THE 15 convicted killers and armed robbers languishing on Swaziland's Death Row could be forgiven for getting a touch complacent about their appeals. It is 15 years since the country last carried out an execution.

But there is bad news, boys. Chief Maweni Simelane, the chief justice minister, has advertised in the local press for a "brave young man who has what it takes" to become the country's new hangman.

The official line is that if a country has a death sentence then, theoretically, it must have someone prepared to hang 'em high. But the development is a little ominous since Swaziland has managed perfectly well without an executioner since the mid 1980s when the then hangman - a South African - apparently threw in the towel, bored beyond endurance by several nooseless years.
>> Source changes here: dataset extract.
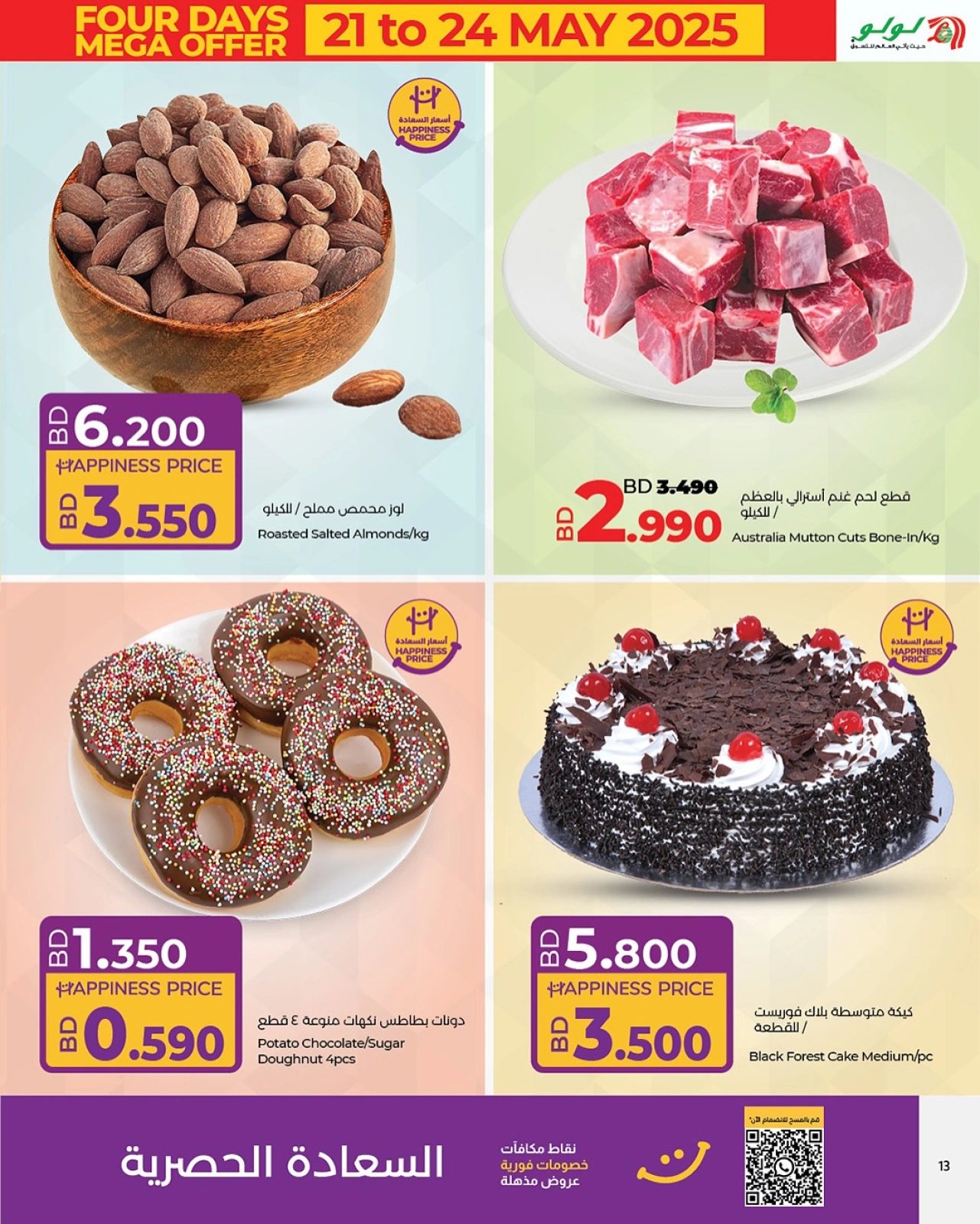 Page 14 in Huge offers at lulu Bahrain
What has prompted the justice minister's quest for a hangman is unclear. He may be firing a warning shot over the heads of perpetrators or perhaps spearheading a right-wing campaign to persuade King Sobhuza II to get tougher on criminals. Since he came to power in 1986 at the age of 18 the king, who has final say on whether an execution can be carried out, has never sanctioned one.

Chief Simelane claims that the issue has been forced because of a sudden increase in the number of death sentences being handed down by courts.

"We've never actually officially dropped the practice [hanging] but no criminals were sentenced to death by out courts since the hangman ran off," Chief Simelane said. "It is just recently that the court have started imposing the death sentence again."